If you take the reciprocal in an inequality, would it change the $>/< $ signs?

Example:$$-16<\frac{1}{x}-\frac{1}{4}<16$$

In the example above, if you take the reciprocal of $$\frac{1}{x}-\frac{1}{4} = \frac{x}{1}-\frac{4}{1}$$
would that flip the $<$ to $>$ or not?

In another words, if you take the reciprocal of $$-16<\frac{1}{x}-\frac{1}{4}<16$$ would it be like this: $$\frac{1}{-16}>\frac{x}{1}-\frac{4}{1}>\frac{1}{16}$$

If $a$ and $b$ have the same nonzero sign, then $$a<b \iff \frac1a > \frac 1b$$ (i.e., taking reciprocals reverses the inequality).

If $a$ and $b$ have opposite (nonzero) signs, then $$a<b\iff \frac1a <\frac1b$$ (i.e., taking reciprocals preserves the inequality).

These follow from the fact that the function $f(x)=1/x$ defined on the nonzero reals is strictly decreasing and sign-preserving on each component $(-\infty,0)$ and $(0,\infty)$ of its domain.

If either of $a$ or $b$ is zero, then you can't take reciprocals.

Finally, compound inequalities like $a<b<c$ should be separated into "$a<b$ and $b<c$" and each component considered separately.
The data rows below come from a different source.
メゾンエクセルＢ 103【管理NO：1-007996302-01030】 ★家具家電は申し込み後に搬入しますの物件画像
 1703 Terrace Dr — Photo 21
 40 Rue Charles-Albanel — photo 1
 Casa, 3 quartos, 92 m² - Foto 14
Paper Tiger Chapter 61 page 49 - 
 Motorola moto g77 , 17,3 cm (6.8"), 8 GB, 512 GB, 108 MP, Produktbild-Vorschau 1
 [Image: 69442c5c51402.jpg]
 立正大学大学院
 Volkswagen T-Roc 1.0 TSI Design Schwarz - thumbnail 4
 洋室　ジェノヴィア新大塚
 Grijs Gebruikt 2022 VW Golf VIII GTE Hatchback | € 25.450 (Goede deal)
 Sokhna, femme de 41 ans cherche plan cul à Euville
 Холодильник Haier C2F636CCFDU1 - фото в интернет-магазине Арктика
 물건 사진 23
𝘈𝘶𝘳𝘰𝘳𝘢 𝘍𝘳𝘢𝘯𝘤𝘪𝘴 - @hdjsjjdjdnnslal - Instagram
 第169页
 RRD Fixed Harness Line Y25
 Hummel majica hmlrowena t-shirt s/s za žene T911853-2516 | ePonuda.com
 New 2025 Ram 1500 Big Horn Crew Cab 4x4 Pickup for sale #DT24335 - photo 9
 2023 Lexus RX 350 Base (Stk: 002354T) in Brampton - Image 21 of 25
I also remark that inverting a sum is not the same as inverting the addends separately.

It depends if $x$ and $y$ are the same sign.

Case 1: $0 < x < y$ then $0 < x(1/y) < y(1/y)$ and $0 < x/y < 1$ and $0 < x/y(1/x) < 1 (1/x)$ so $0 < 1/y < 1/x$.

If both positive, flip.

Case 2: $x < 0 < y$ then $x/y < 0 < 1$. Then as $x < 0$ we flip when we do $x/y*(1/x) > 0 > 1*(1/x)$ so $ 1/y > 0 > 1/x$ so $1/x < 0 < 1/y$. Don't flip.

Case 3: $x < y < 0$ then $x/y > 1 > 0$ and $1/y < 1/x < 0$. Flip if they are the same sign.

But FOR THE LOVE OF GOD!!!!!!! the reciprical of $1/x - 1/4$ is !!!!!!!NOT!!!!!! $x/1 - 4/1$!!!!!!!!

It is $\frac{1}{1/x - 1/4} = \frac{4x}{4 - x}$.